The required output is an exact copy of the lines from the one containing "Snapshot of sparkbloomm" through the end of the entries below, with pictures removed.

Data in this exercise START

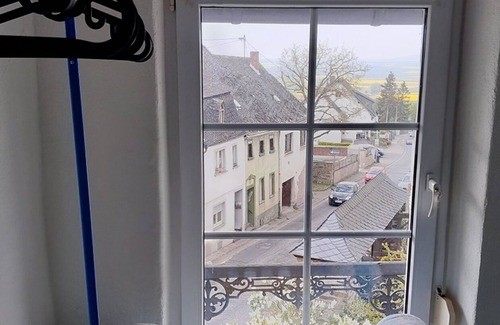 Munstermaifeld House | Herleef de Geschiedenis uit 1309 in Münstermaifeld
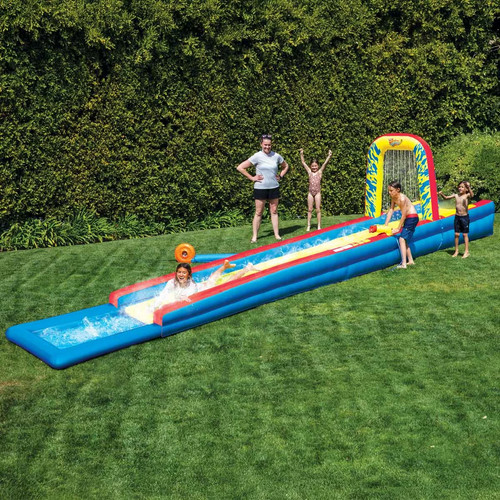 Wham 32ft air - air, ‘n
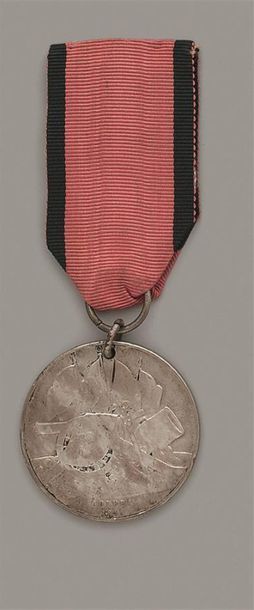 FRANCE
SECOND EMPIRE
EMPIRE OTTOMAN - MÉDAILLE...
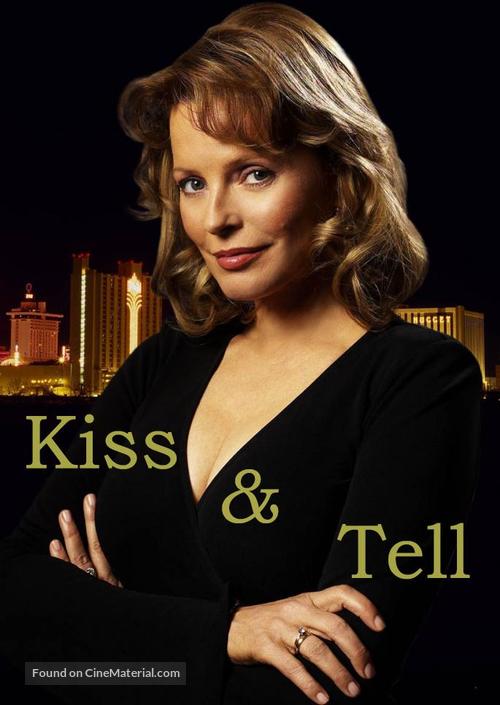 Kiss and Tell - Movie Cover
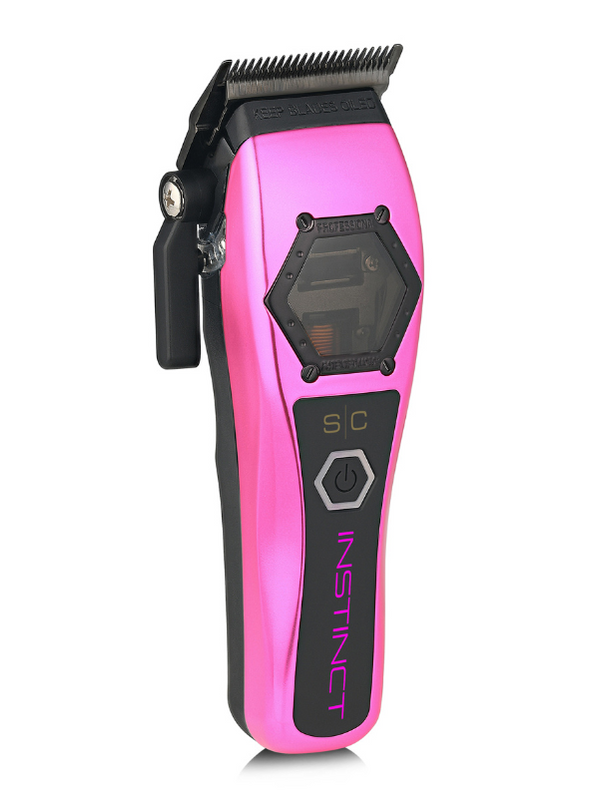 Metal Clipper #SC611M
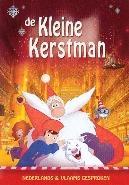 Kleine kerstman, de - DVD, Verzenden, Nieuw in verpakking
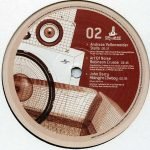 Big Chill Limited Edition Sampler 12'' Maxi Single Plak (Future Jazz)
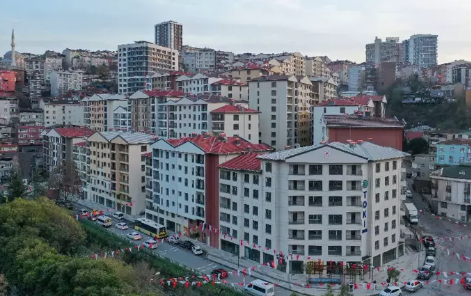 Foto - Ev sahibi - kiracı milyonları ilgilendiriyor! Yeni dönem resmen başladı: Herkes şaşkın: Hiç kimse bunu beklemiyordu…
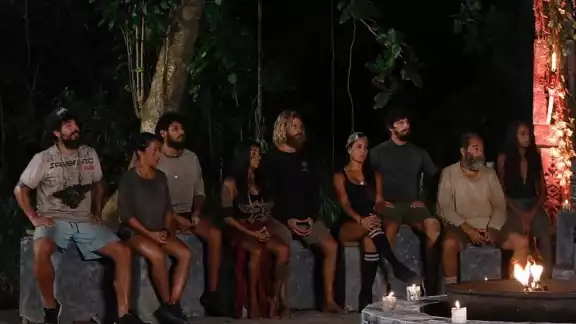 Tras la última eliminación, solo quedan ocho concursantes que buscarán llegar a al final Tras la última eliminación, solo quedan ocho concursantes que buscarán llegar a al final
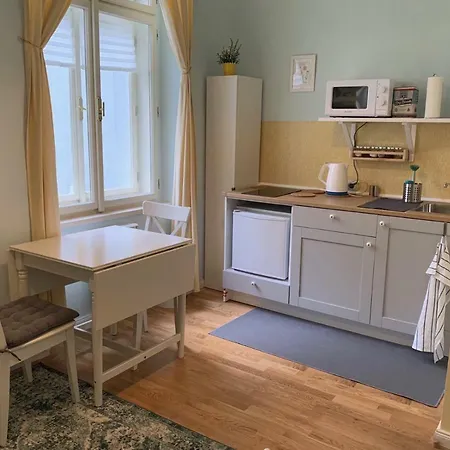 Casa Royal Apartment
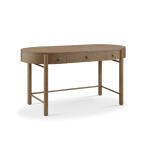Oval Writing Desk - Image 3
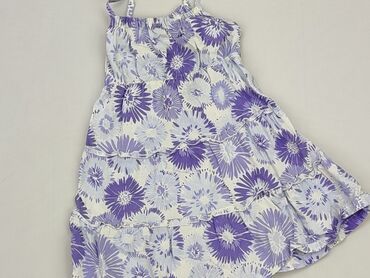 kolorowe sukienki na lato: Sukienka, 1.5-2 lat, 86-92 cm, stan - Bardzo dobry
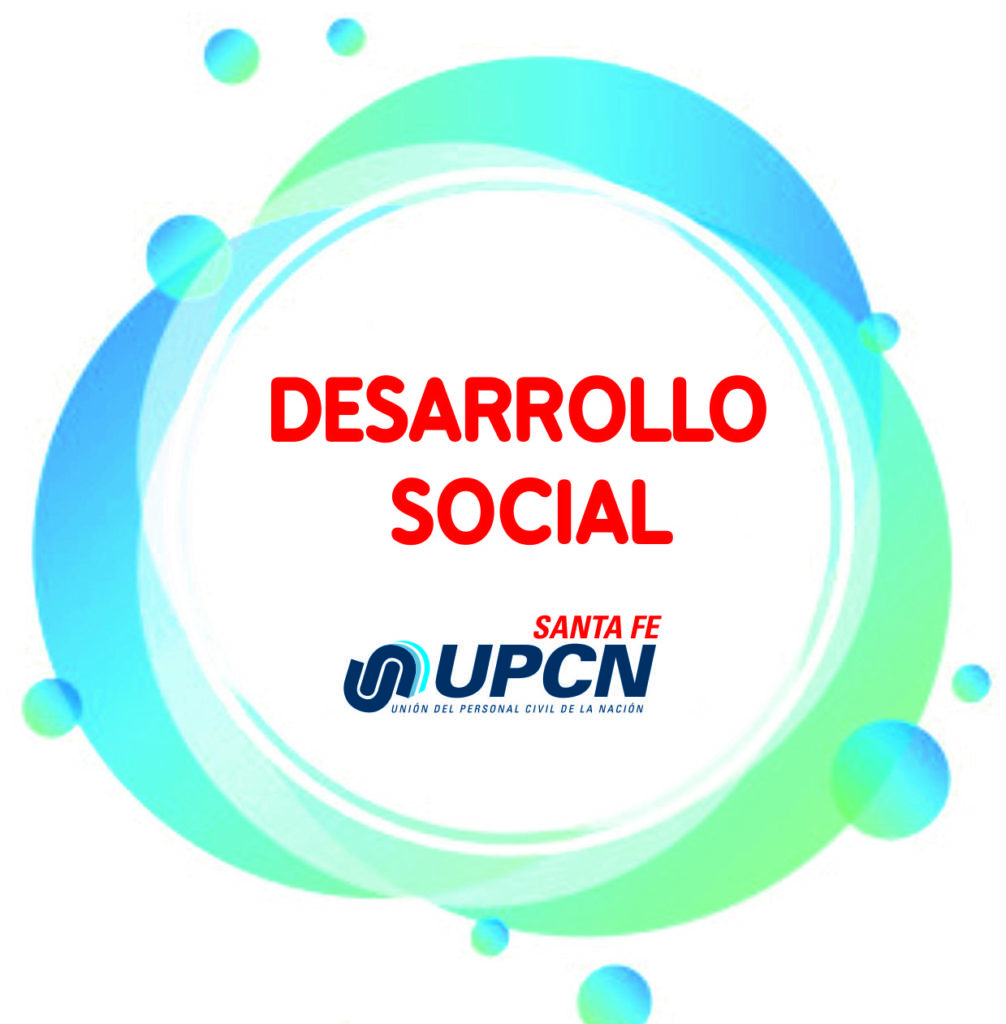 desarrollo social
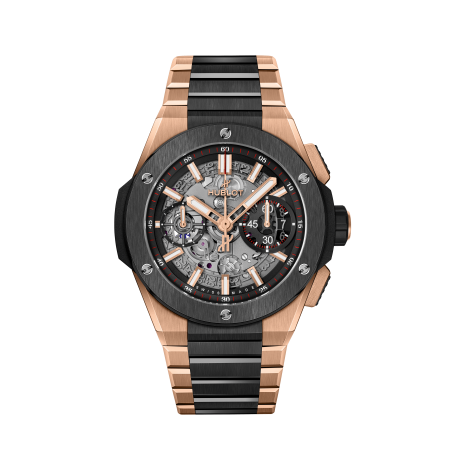 HUBLOT BIG BANG INTEGRAL...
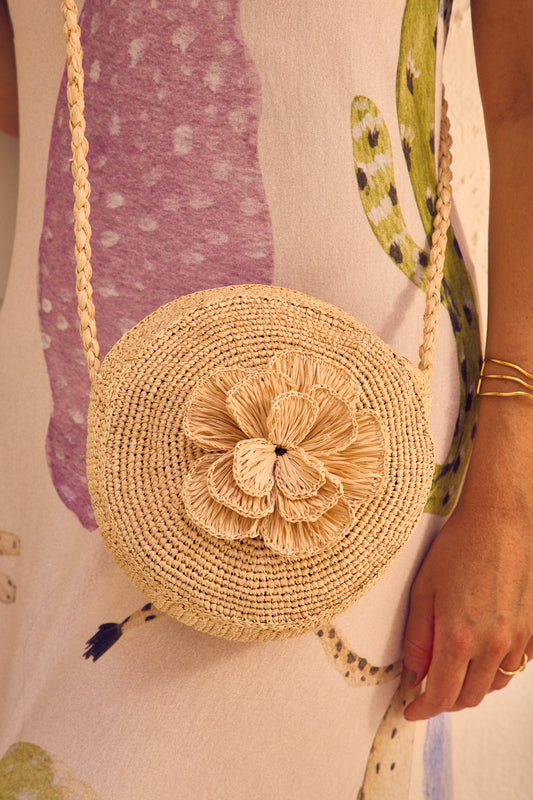 Bolsa Flores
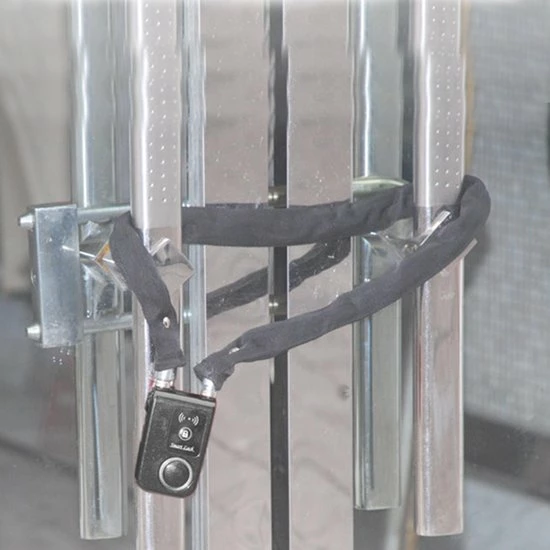 Uitgang ???? PIXMY Video & Photo PIXMY - 2-in-1 Fietsslot 80cm Met Alarm - Fietsslot Ketting Cijferslot Kettingslot - Fietsalarm 110db - Scooteralarm Scooterslot ???? 14 Uitgang ???? PIXMY Video & Photo PIXMY - 2-in-1 Fietsslot 80cm Met Alarm - Fietsslot Ketting Cijferslot Kettingslot - Fietsalarm 110db - Scooteralarm Scooterslot ???? - Afbeelding 12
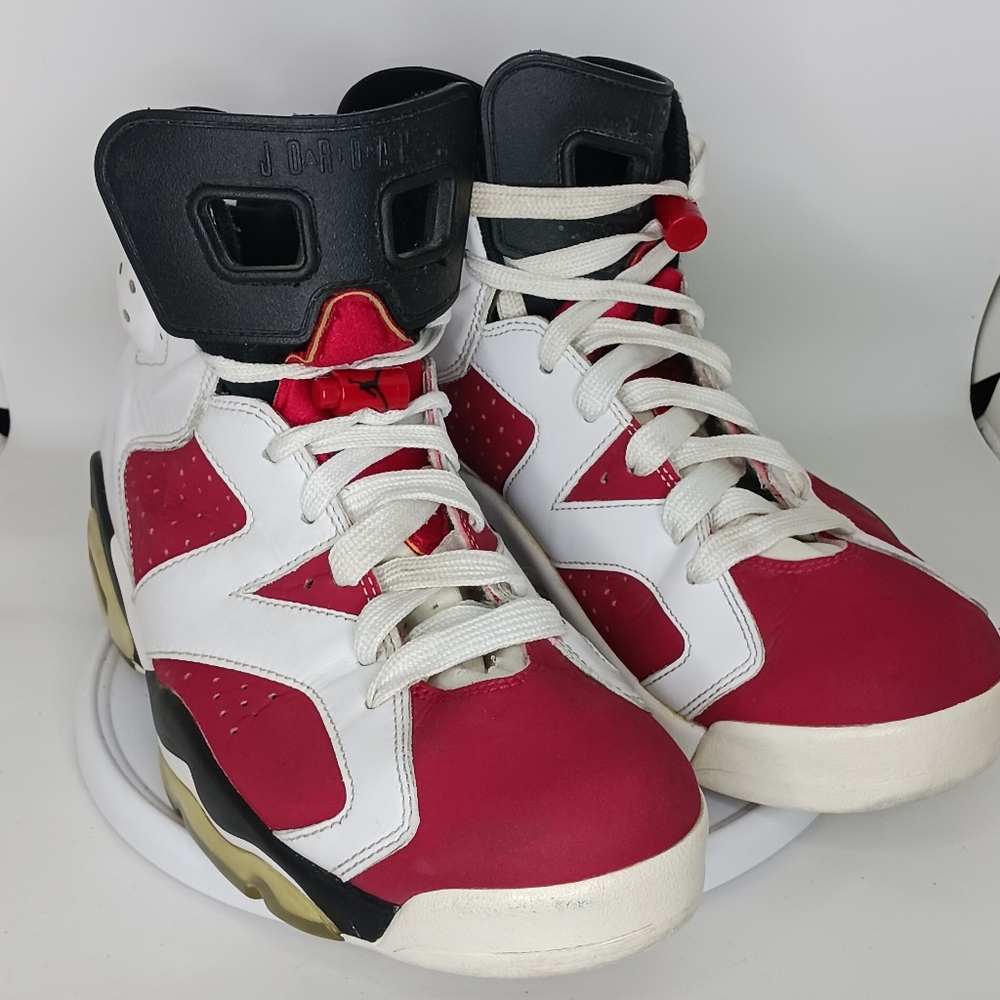 Nike Jordan 6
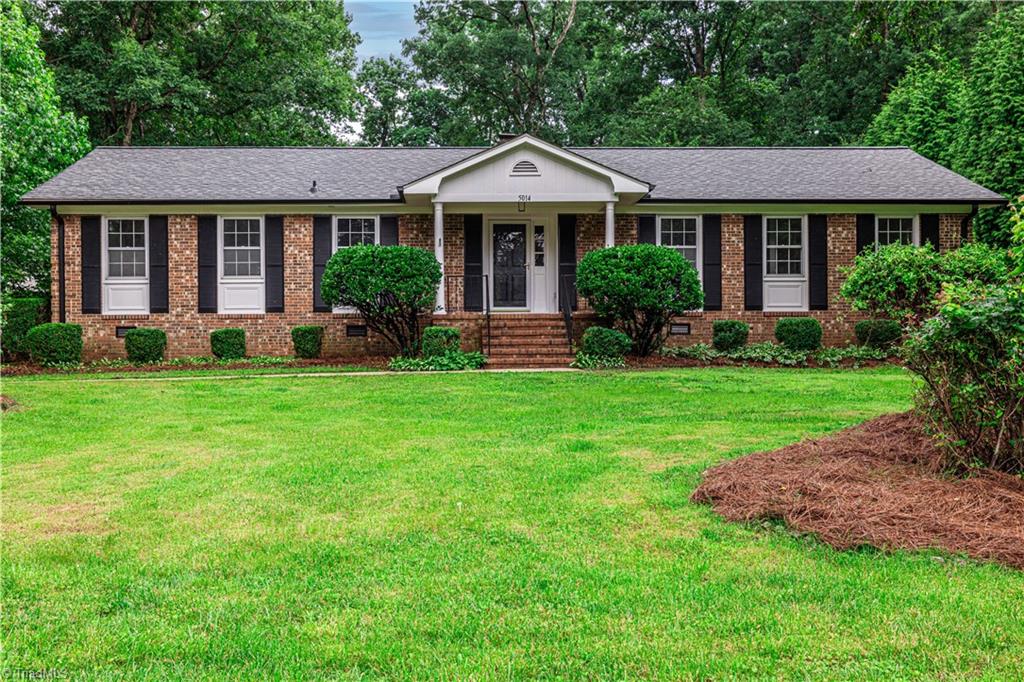 5014 Edinborough Road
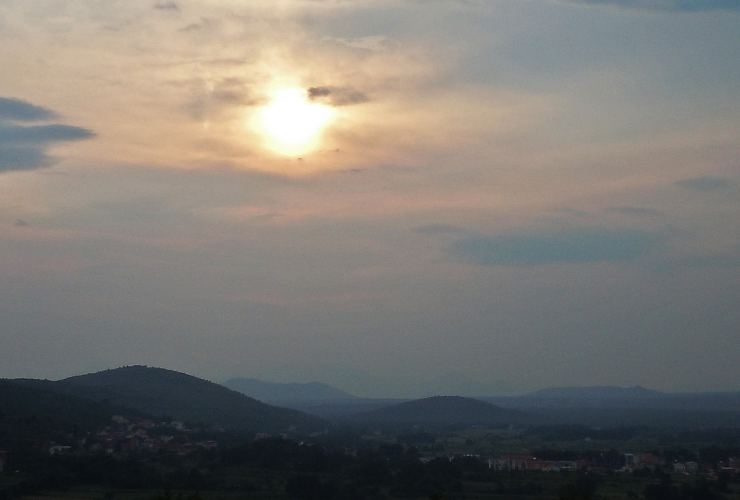 Dove seguire live l'apparizione straordinaria della Madonna a Medjugorje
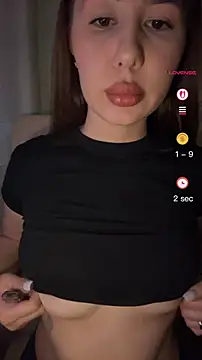 Snapshot of sparkbloomm chatting on 13, 1, 2026 sparkbloomm online show from 13, 1, 2026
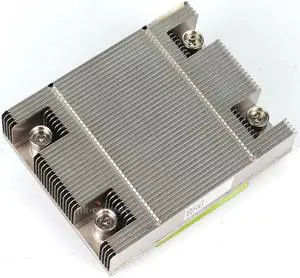 For PowerEdge R320 R420 R520 CPU Processor Heatsink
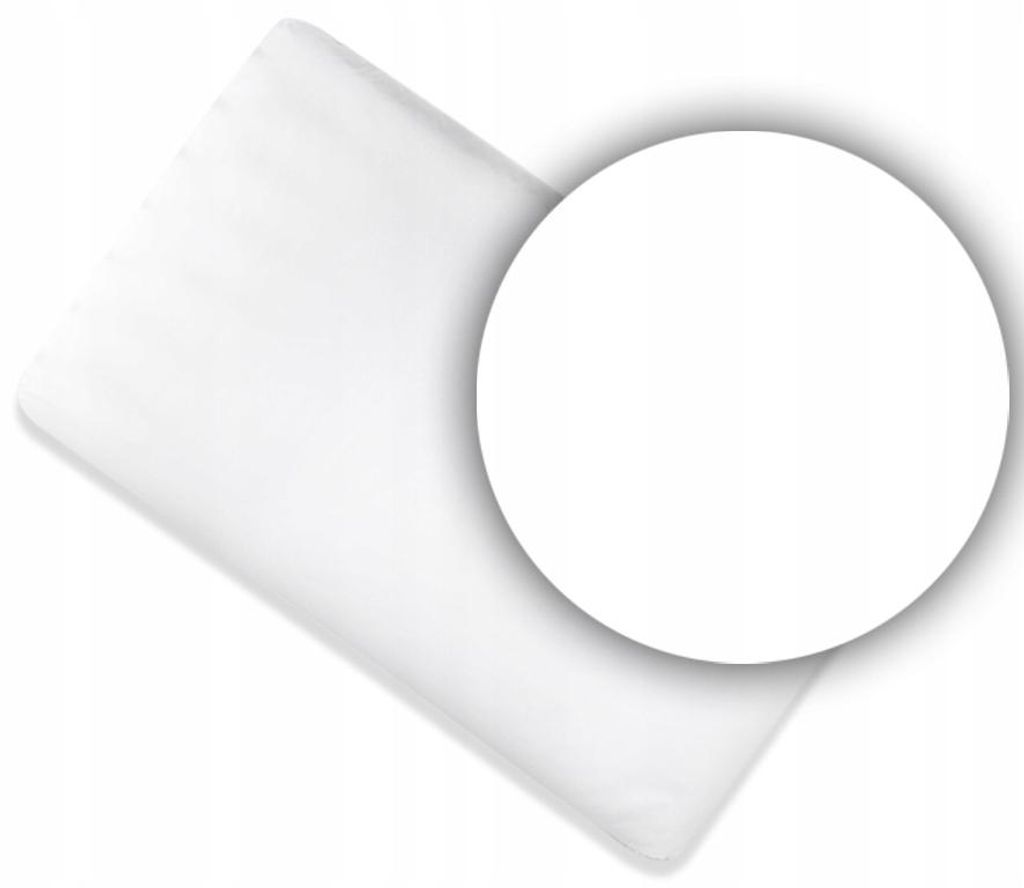 Jersey Spannbettlaken 50x83 cm passend für Beistellbett & Produktbild 
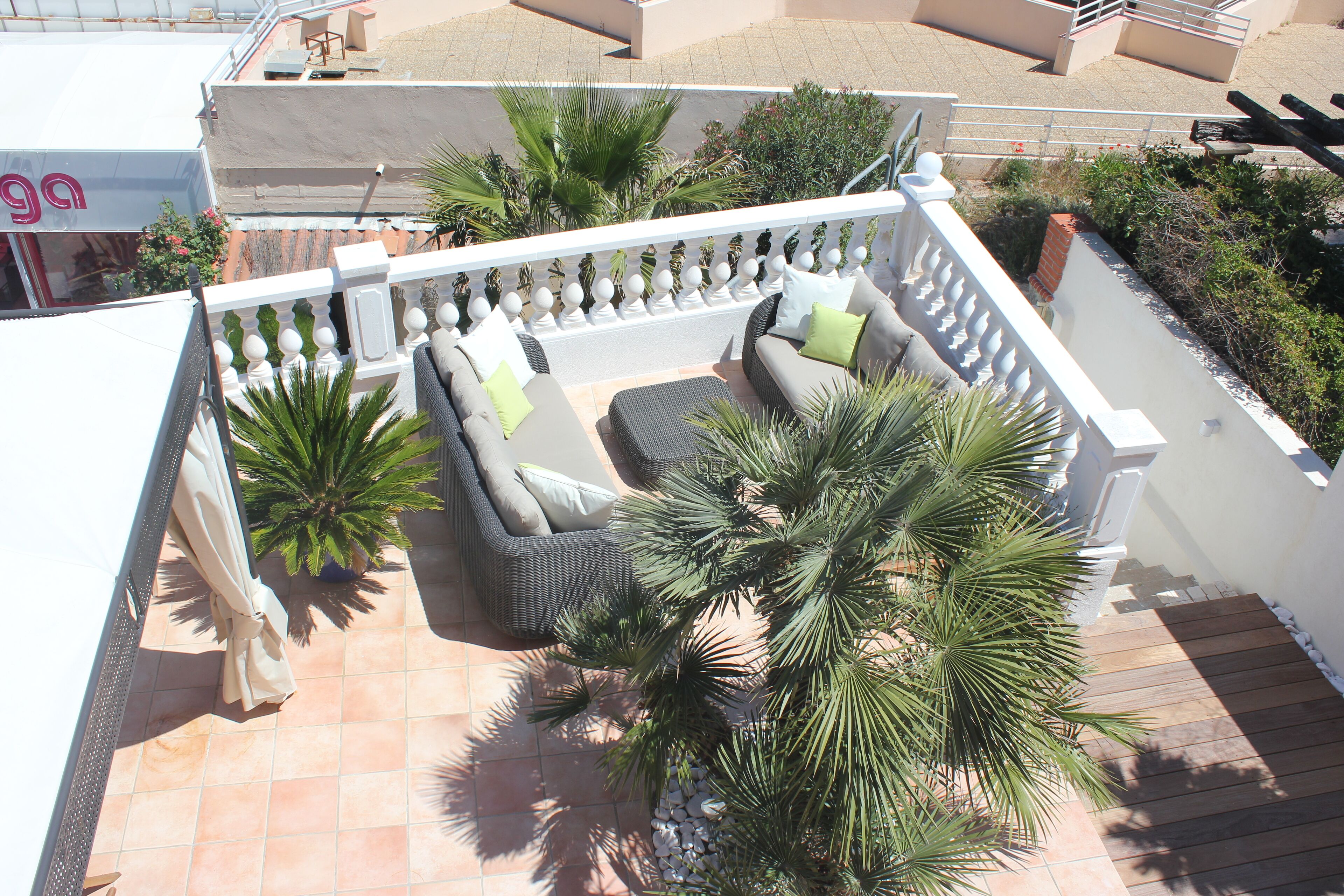 Villa Marouette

Data in this exercise END

__Answer area__
 Snapshot of sparkbloomm chatting on 13, 1, 2026 sparkbloomm online show from 13, 1, 2026
 For PowerEdge R320 R420 R520 CPU Processor Heatsink
 Jersey Spannbettlaken 50x83 cm passend für Beistellbett & Produktbild 
 Villa Marouette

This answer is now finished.